Web page caption snippets:
########################################

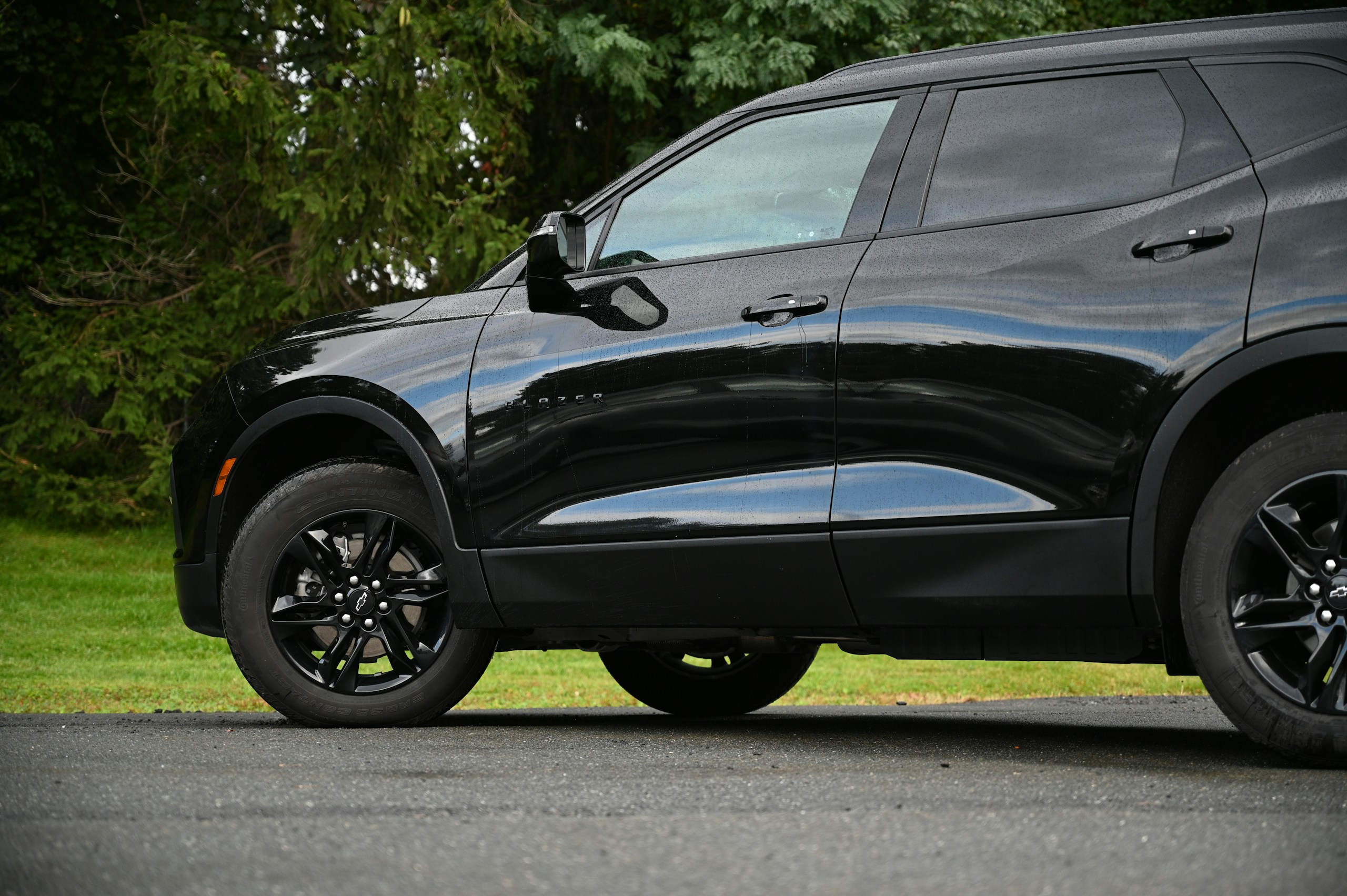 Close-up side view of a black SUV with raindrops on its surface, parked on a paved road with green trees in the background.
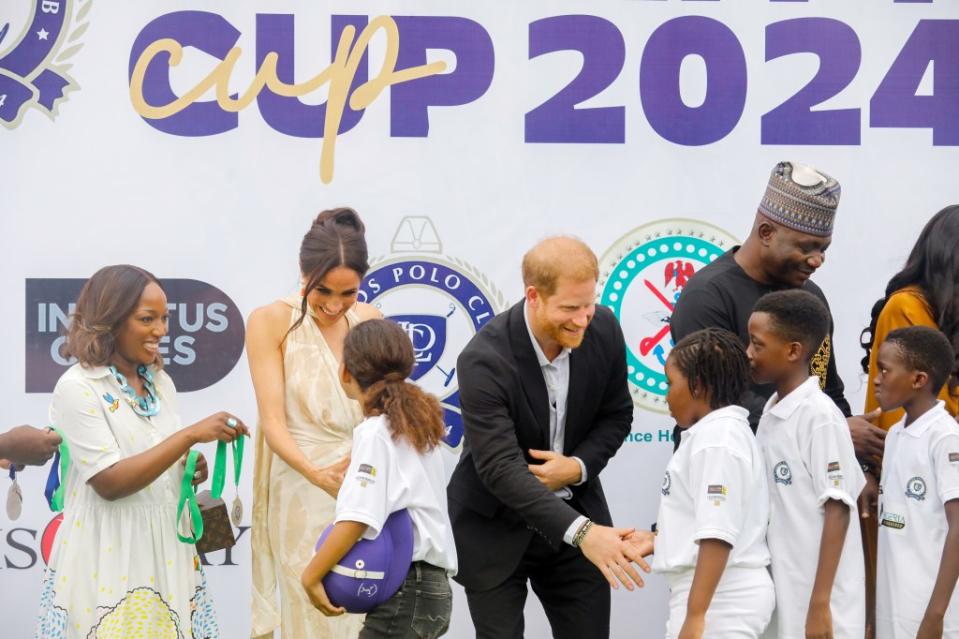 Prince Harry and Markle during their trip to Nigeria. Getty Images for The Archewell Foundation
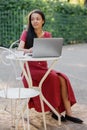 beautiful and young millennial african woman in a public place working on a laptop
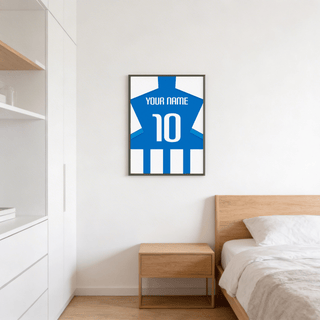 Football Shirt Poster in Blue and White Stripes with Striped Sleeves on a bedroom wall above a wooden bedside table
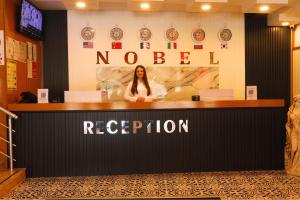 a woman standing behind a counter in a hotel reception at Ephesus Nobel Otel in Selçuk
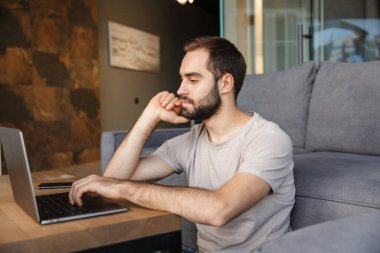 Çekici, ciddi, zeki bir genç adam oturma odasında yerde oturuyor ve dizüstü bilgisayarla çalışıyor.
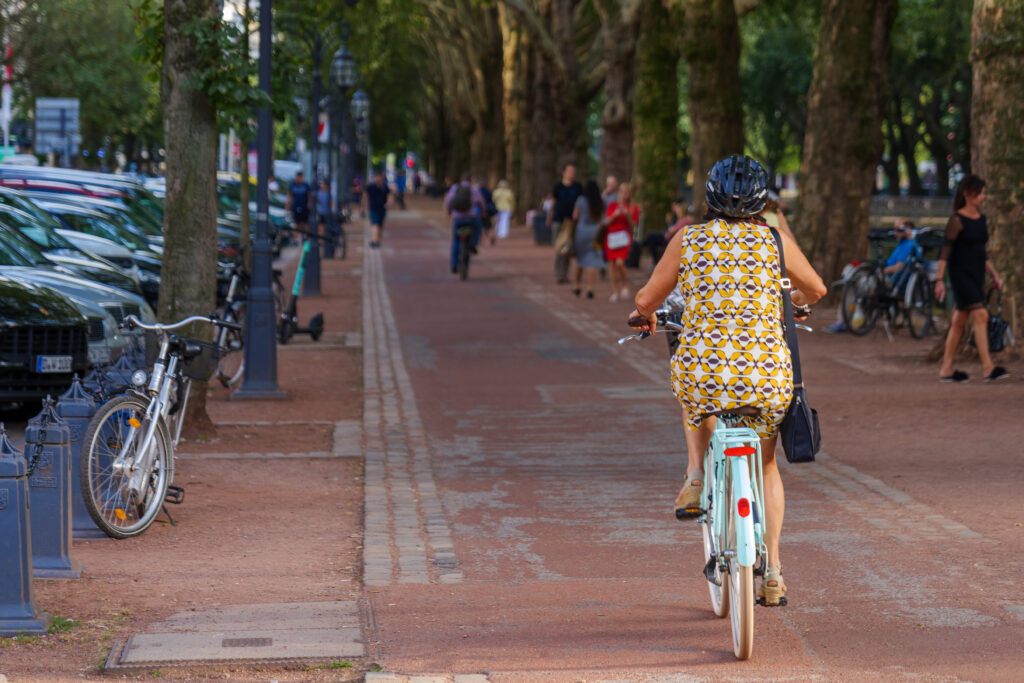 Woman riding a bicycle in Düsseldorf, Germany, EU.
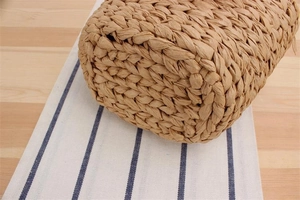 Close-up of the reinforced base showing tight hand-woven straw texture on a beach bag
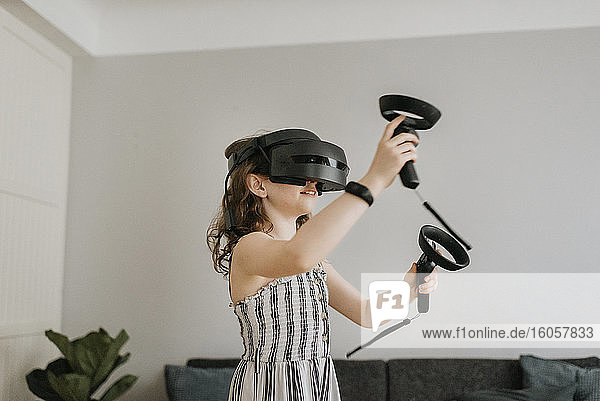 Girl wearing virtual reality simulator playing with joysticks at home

########################################

■ **What to produce**
With the pictures removed, return each record above exactly as given.

■ **Task output**
 Close-up side view of a black SUV with raindrops on its surface, parked on a paved road with green trees in the background.
 Prince Harry and Markle during their trip to Nigeria. Getty Images for The Archewell Foundation
 beautiful and young millennial african woman in a public place working on a laptop
 Football Shirt Poster in Blue and White Stripes with Striped Sleeves on a bedroom wall above a wooden bedside table
 a woman standing behind a counter in a hotel reception at Ephesus Nobel Otel in Selçuk
 Çekici, ciddi, zeki bir genç adam oturma odasında yerde oturuyor ve dizüstü bilgisayarla çalışıyor.
 Woman riding a bicycle in Düsseldorf, Germany, EU.
 Close-up of the reinforced base showing tight hand-woven straw texture on a beach bag
 Girl wearing virtual reality simulator playing with joysticks at home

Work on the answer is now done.